→ **Raw data**:
*** Block opens ***

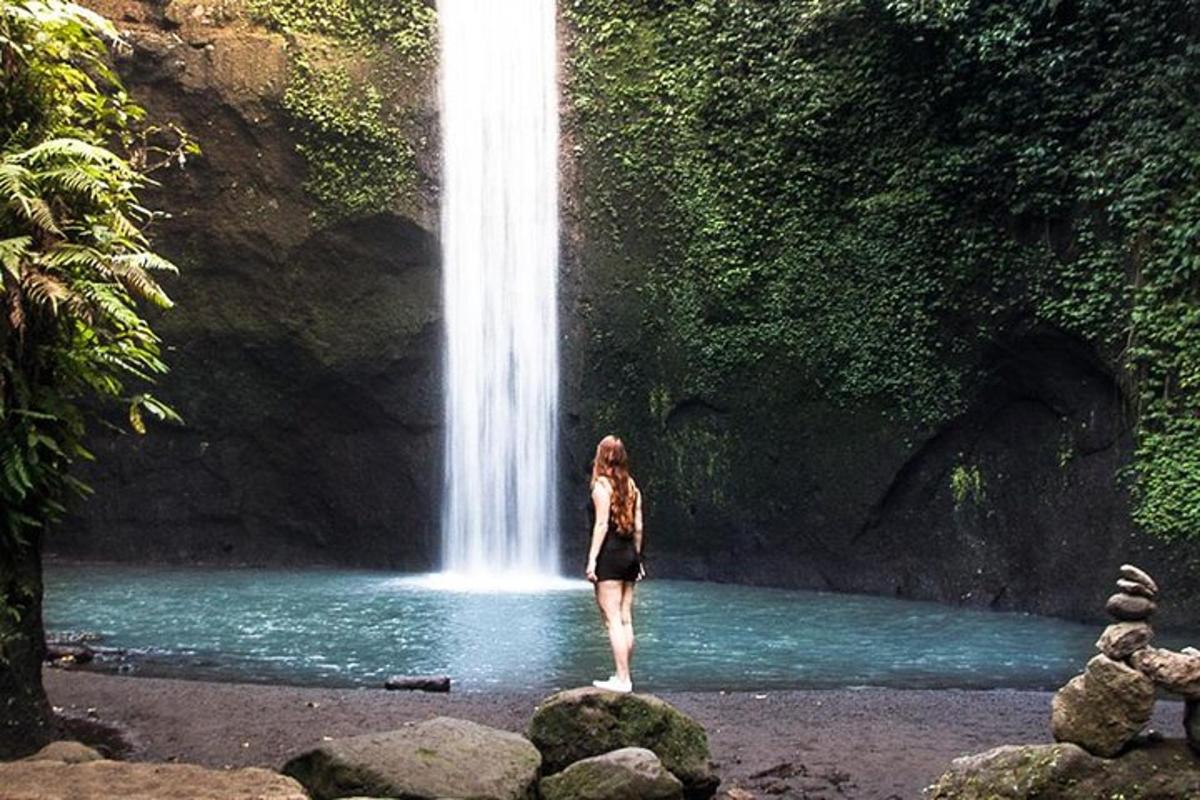 seorang wanita berdiri di depan air terjun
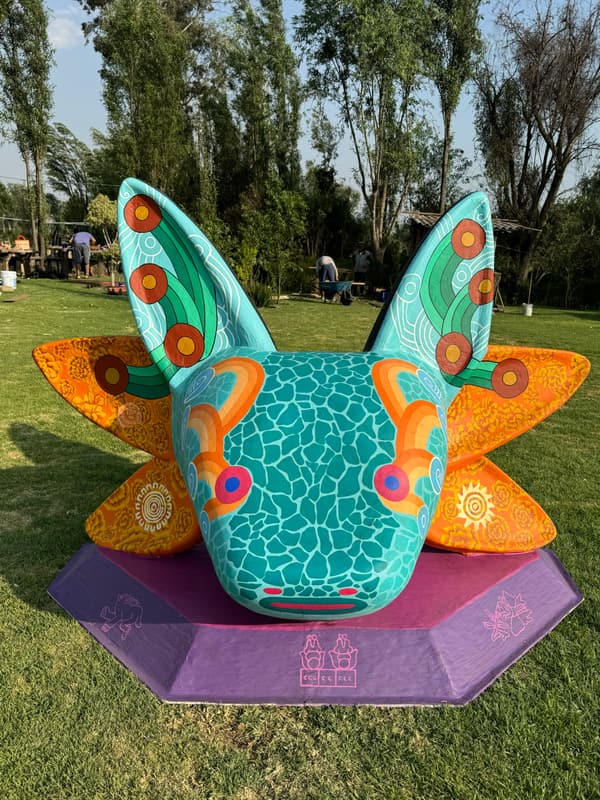 An orange and teal sculpture with a crackled pattern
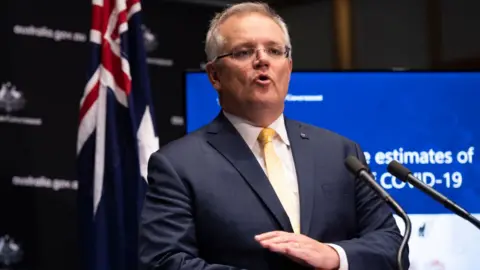 Getty Images Australian Prime Minister Scott Morrison speaks at a press conference after discussing plans for a Trans-Tasman travel agreement.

*** Block closes ***

→ **Work item**: From the first line to the last, retype the data above exactly, but not its images.

→ **Completed task**:
 seorang wanita berdiri di depan air terjun
 An orange and teal sculpture with a crackled pattern
 Getty Images Australian Prime Minister Scott Morrison speaks at a press conference after discussing plans for a Trans-Tasman travel agreement.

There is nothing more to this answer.